I'm in the process of implementing different algorithms on CPUs and GPUs. What struck me as odd was that a very primitive example (sequentially - aka 1 thread - creating a histogram of an array with 100*1024*1024 elements) takes 200% - 300% longer on a server CPU (which is admittedly slightly lower clocked and one generation older) than it does on a workstation CPU. Both machines use DDR3 memory, 16GB dual channel on the workstation (FSB:DRAM 1:6) and 512GB quad channel on the server (FSB:DRAM 1:12), both running at 800Mhz DRAM clock rate.

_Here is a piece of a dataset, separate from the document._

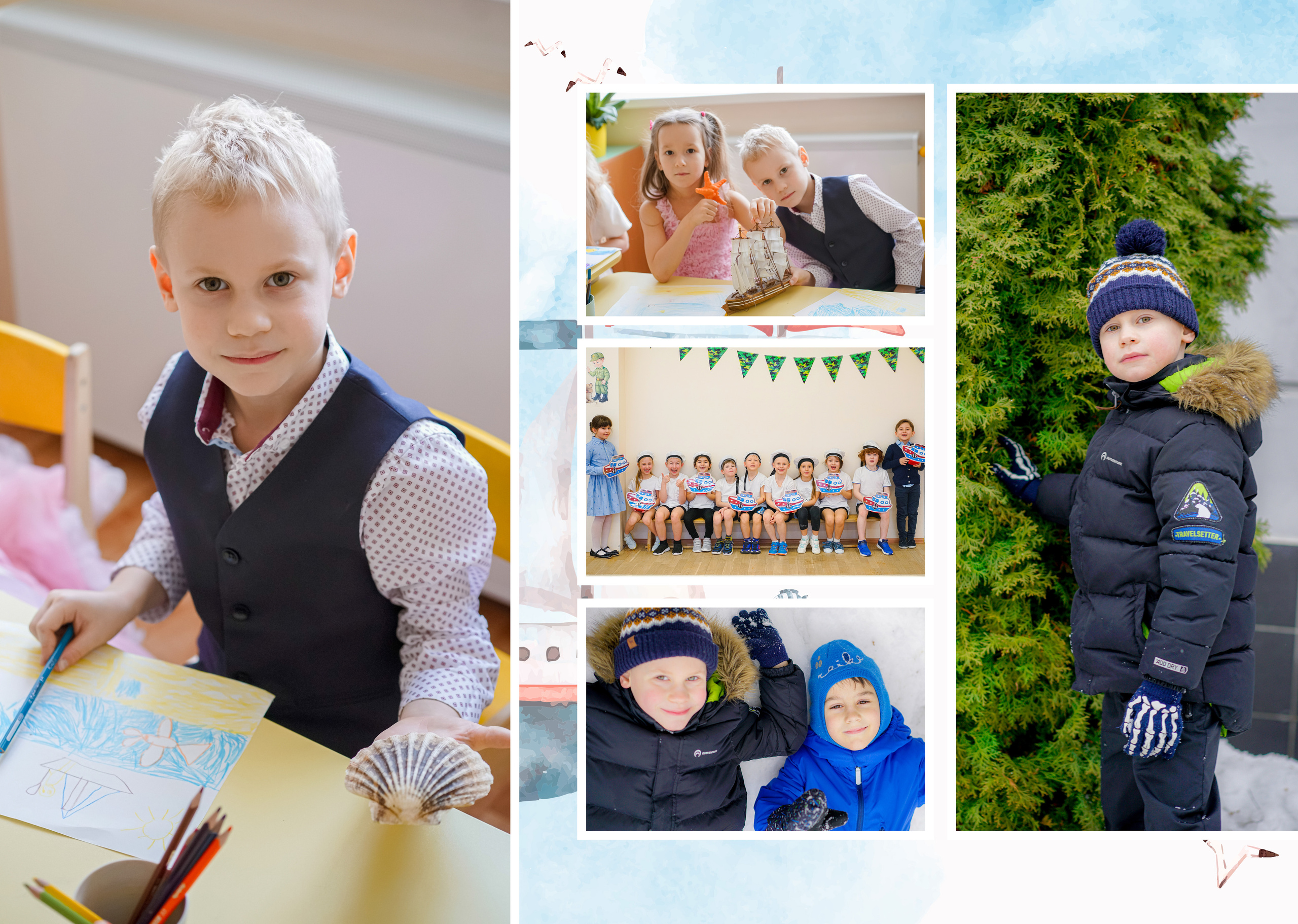 Персональные развороты и обложка дизайн «Кораблик». Анна Белашова ВЫПУСКНЫЕ АЛЬБОМЫ, фото и видеосъёмка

On my workstation the histogram calculation takes <100ms (90ms on average) while on the server it takes 300ms on average, while on sporadic occurrences it takes only around 150ms.
I'm using the same build on both machines (any CPU, prefer 32bit, release build).
On another question, why is it that a pure 64bit build is slower on both machines by at least 25%?
public static void Main(string[] args) {
// the array size. say its 100 * 1024 ^ 2, aka 100 Megapixels
const int Size = 100 * 1024 * 1024;
// define a buffer to hold the random data
var buffer = new byte[Size];
// fill the buffer with random bytes
var rndXorshift = new RndXorshift();
rndXorshift.NextBytes(buffer);
// start a stopwatch to time the histogram creation
var stopWatch = new Stopwatch();
stopWatch.Start();
// declare a variable for the histogram
var histo = new uint[256];
// for every element of the array ...
for (int i = 0; i < Size; i++) {
// increment the histogram at the position
// of the current array value
histo[buffer[i]]++;
}
// get the histogram count. must be equal
// to the total elements of the array
long histoCount = 0;
for (int i = 0; i < 256; i++) {
histoCount += histo[i];
}
// stop the stopwatch
stopWatch.Stop();
var et1 = stopWatch.ElapsedMilliseconds;
// output the results
Console.WriteLine("Histogram Sum: {0}", histoCount);
Console.WriteLine("Elapsed Time1: {0}ms", et1);
Console.ReadLine();
}
Server CPU:
Workstation CPU:
Server CPU clock shows 1177 MHz, while workstation has 3691 MHz clock. That would explain the difference.
It seems your server has either a CPU that slows down if not unders stress, to conserve energy, or the multipliers in BIOS are set to very low values.